Undoubtedly, the poster boy of Flagship Killers is the OnePlus One, a very fine piece of exceptionally beautiful hardware that can be yours for as little as $300.
Risk Osterlich is a man at the top of the chain of command at a company that has struggled to justify its existence at times. Motorola have experienced several rounds of upheaval and change in the last decade, eventually culminating in being purchased and patent stripped by Google with the remaining handset division sold off to Chinese giant Lenovo.
Today however they are a re-imagined entity that has astonished critics with its approach of offering very affordable, solid quality Android devices. Here’s what Motorola President, Rick Osterloh had to say on the subject of the smartphone high-end.
Certainly we are in a very competitive industry. I think the days of the $600-$700 smartphone are numbered. People are realizing they don’t need to pay that much money.
These views largely echo our thoughts at Mobile Geeks which takes in to account the really great value offerings in the high-end that are out there right now, and the increasing pressure that will eventually have on pricing at the upper levels of the segment. It’s not just that you can buy a Xiaomi Mi4 for around $400 – a device that packs an industry-leading Qualcomm Snapdragon 801, 3GB of RAM, a beautiful 1080p IPS display and more – it’s the wonderful fact that there are also many other options out there today.
The Huawei Ascend Mate 7 is an great full-sized Android device that could cost you as much as $600, but it is targeting the phablet segment where the new Samsung Galaxy Note 4 still costs around $800.
The ASUS ZenPhone 5 and 6 smartphones can be your for around $200 – $250, Gionee’s flagship Elife S5.5 is only $350, so yeah… options abound at all levels.
But it’s not just about options or cheap alternatives.

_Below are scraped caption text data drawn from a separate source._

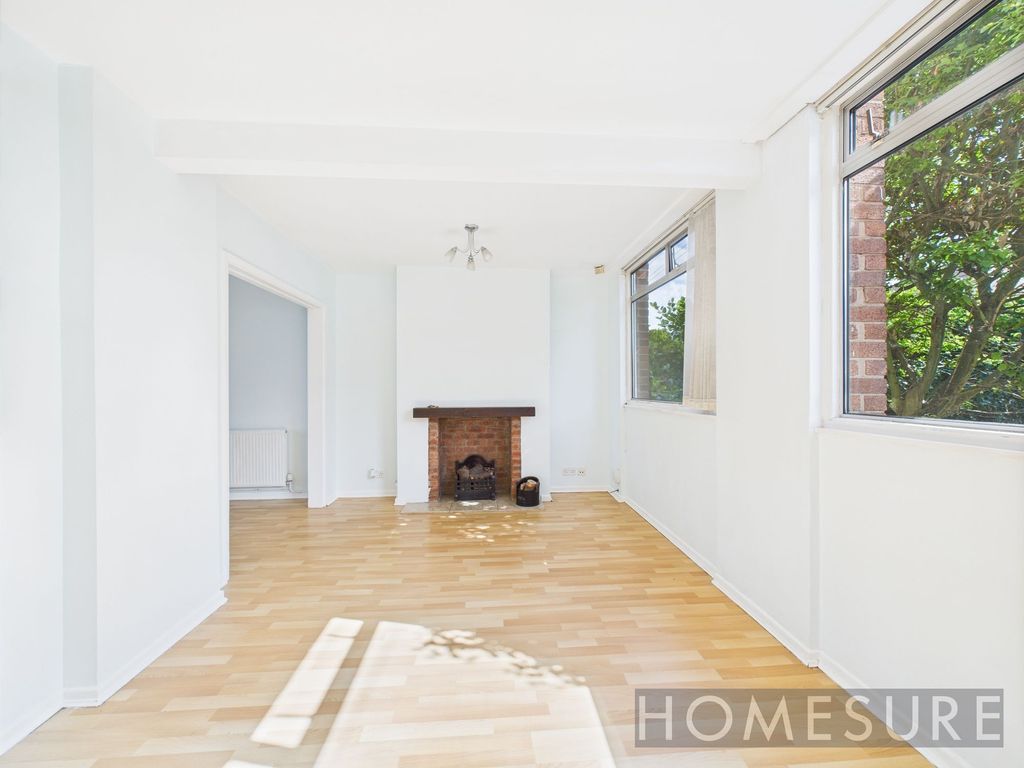 Property photo 3 of 23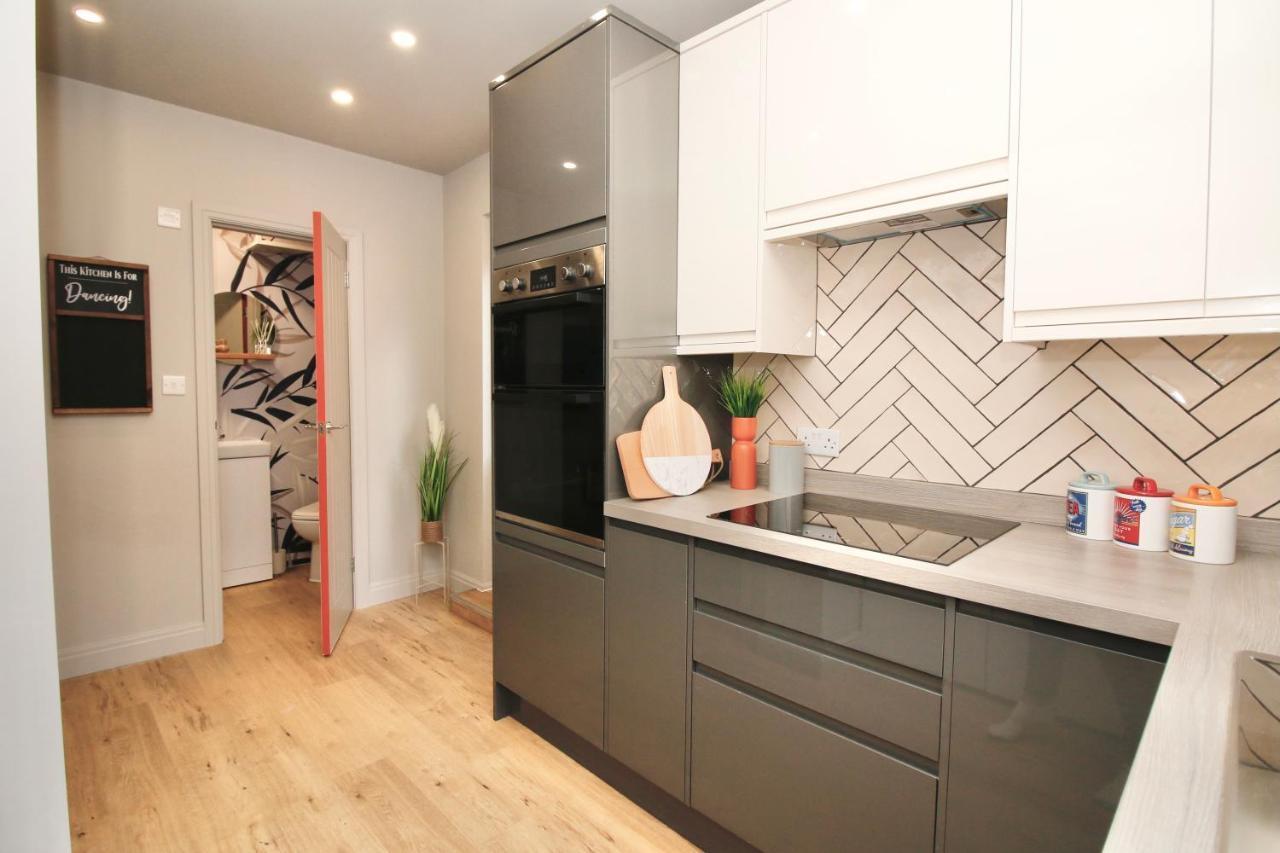 XxfabulousxX 4Bed semi, sleeps 8, 2 bathrooms Blackpool Bagian luar foto
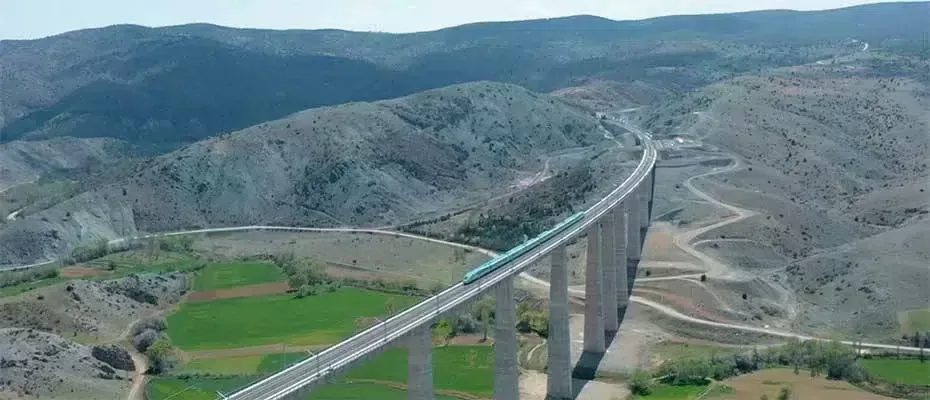 Tren biletlerinde emeklilere yönelik yüzde 10 indirimden 62 bin kişi faydalandı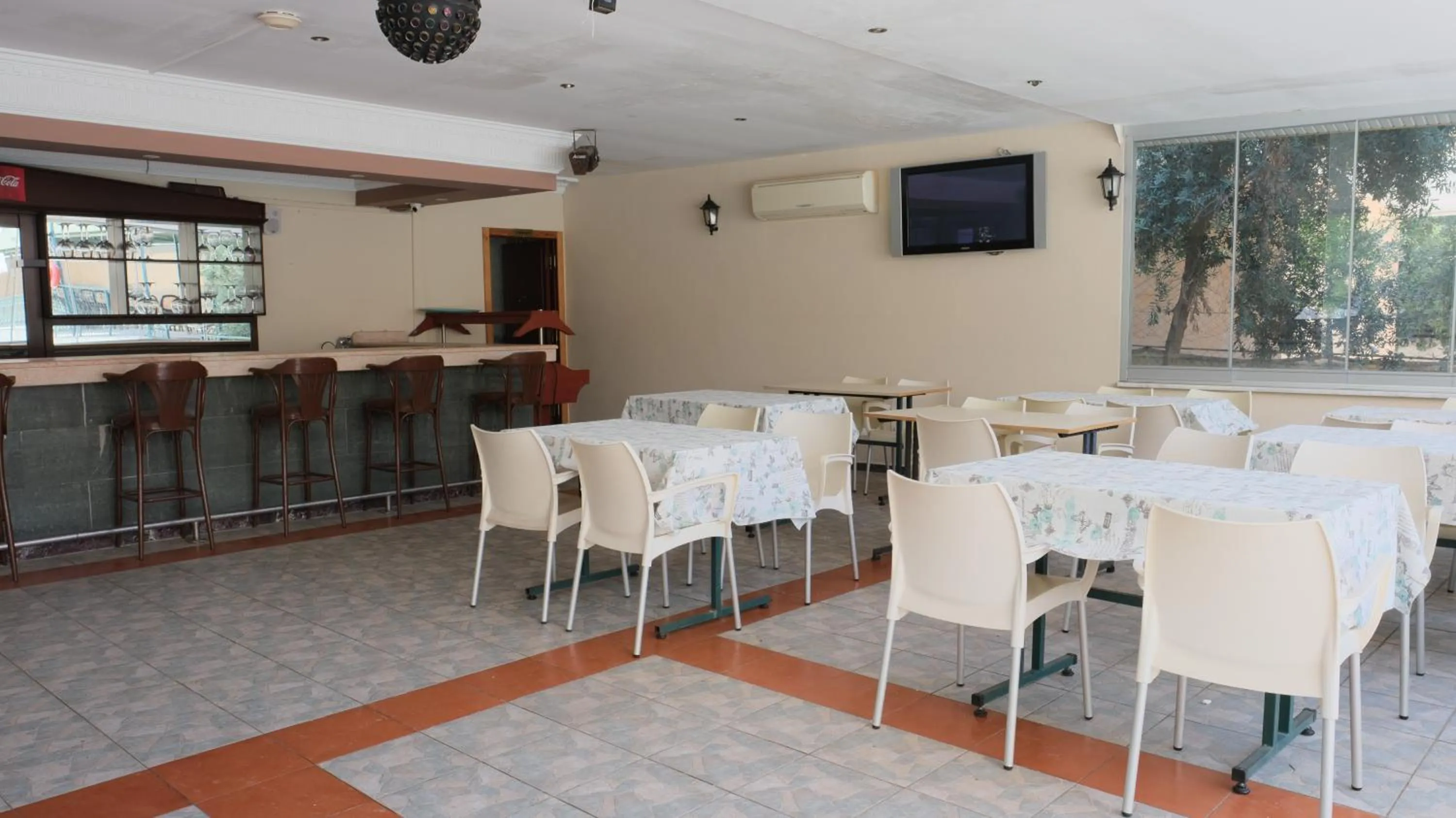 Restaurant/places to eat in İSABELLA APART OTEL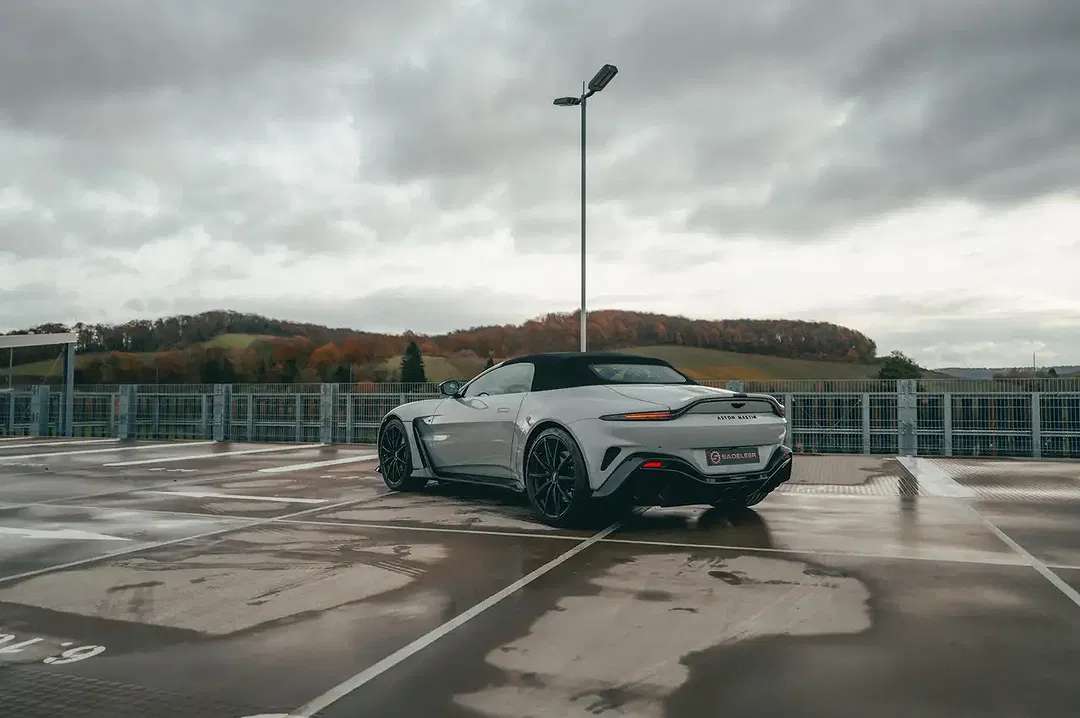Aston Martin Vantage - Thumbnail 7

The key difference today, is that the difference between top and middle and entry-levels is quickly shrinking.
Lack of Price Transparency in US Markets
There is one caveat to all of the above that relates almost exclusively to folks in the US. If you are tied to a carrier in the US your options are greatly reduced and you will experience what Osterlich describes as a lack of price transparency, something that remains an issue despite increases of off-contract sales:
The U.S. pricing picture has actually gotten more confusing for consumers. Now it’s a combination. Most phones are actually still purchased on subsidies. However, there are monthly pricing options and family options. Frankly, it is pretty overwhelming for most consumers.
Although there has been better signs for off-contract sales with first Moto X and Moto G, the picture in the US is not like other areas of the globe, areas where Motorola looks to be very competitively placed.
We did see a great surge in off-contract phones when we launched the original Moto X and Moto G. That still represents a minority of the market for sure.
Outside of the US, it seems consumers are embracing today’s more affordable alternatives to the mainstream brands (Apple and Samsung account for the lion’s share )that still dominate the US market. It’s no surprise to see Motorola excelling in these large and quickly growing markets that operate practices that are generally more beneficial to consumers.
Outside the U.S., it is a totally different picture, depending on the country. Markets like India and Brazil and parts of Europe, where we have seen very rapid share improvements when consumers get the full benefit of price transparency. That’s been tremendous. That’s why we are No. 2 in Brazil and No. 4 in India after coming out of nowhere, basically. We love markets where the end user gets to benefit from price transparency.
Motorola: Meaningful Choices
Recently we have seen Motorola take the lead in terms of customization with the new Moto Maker service that offers a fairly vanilla but very customizable Android OS with by far the broadest choice of physical customization options of any smartphone vendor. These include a broad array of back covers including several natural wood options.
Check out our hands on video below:
This is also one area which is really helping them to differentiate as a consumer brand, and as a product. We looked at some Moto X phones that showcased some beautiful examples of what Moto Maker is capable of. The company plans to expand these customization features to other product line including the forthcoming Moto Hint.
We think we are taking a different approach than anyone. We want to give people real meaningful choices. We want to make it so you can choose to participate in the design of your phone like with Moto X. We give people the ability to change the user interface the way they want on their phone.